Your goal:
Output exactly the lines from the line that has "AUTOGAMMA Радиатор, охлаждение" through the last line of the data below, with no pictures.

Information shown:
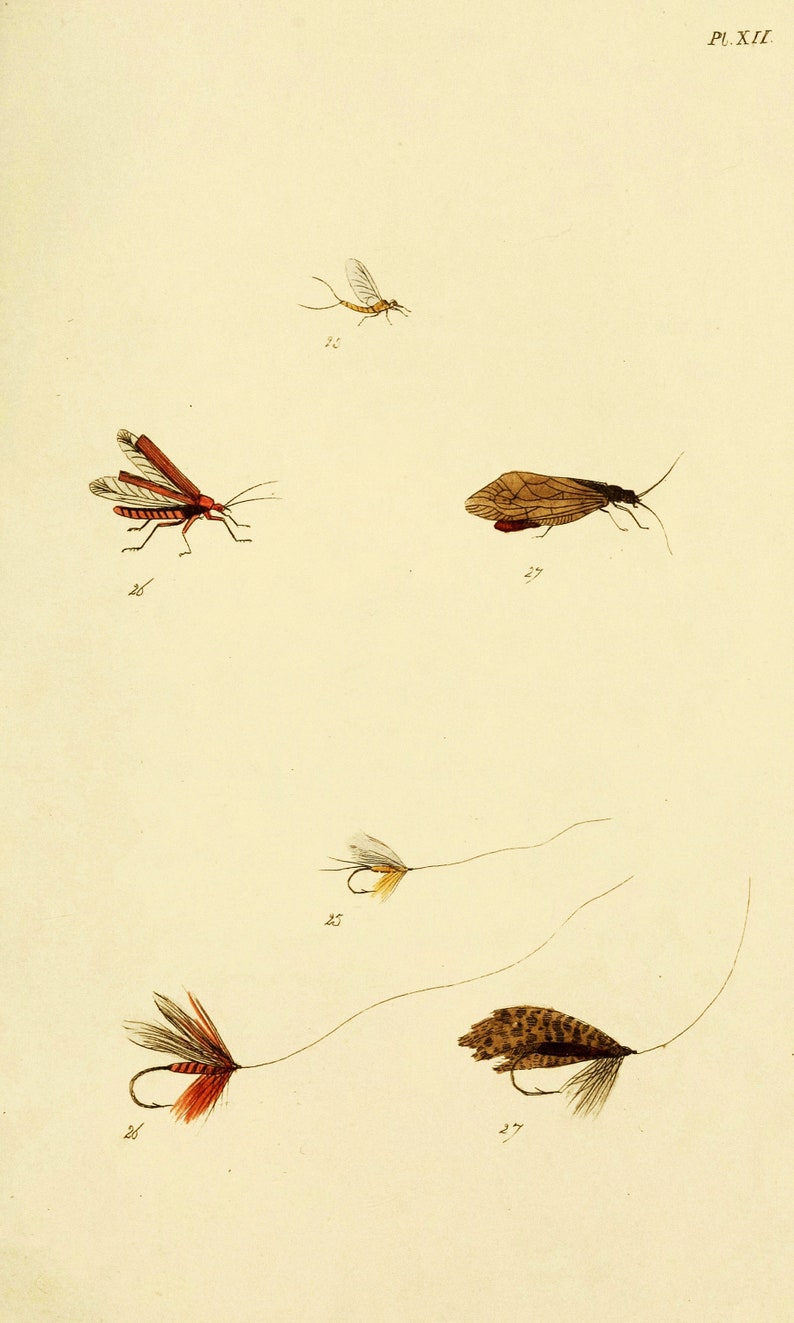 Fly Fisher's Entomology Vintage Trout Insect Illustrations | Image ...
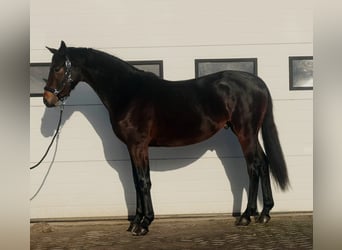 KWPN, Étalon, 3 Ans, 164 cm, Bai brun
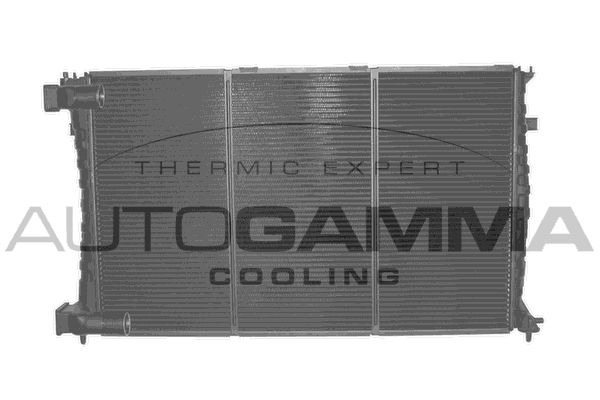 AUTOGAMMA Радиатор, охлаждение двигателя 101343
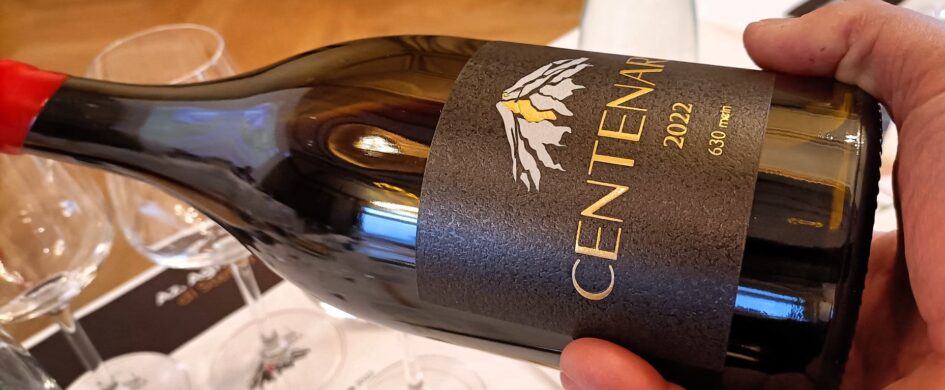 Sciara, i vini dell’Etna di Stefan Yim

Solution to the problem:
 AUTOGAMMA Радиатор, охлаждение двигателя 101343
 Sciara, i vini dell’Etna di Stefan Yim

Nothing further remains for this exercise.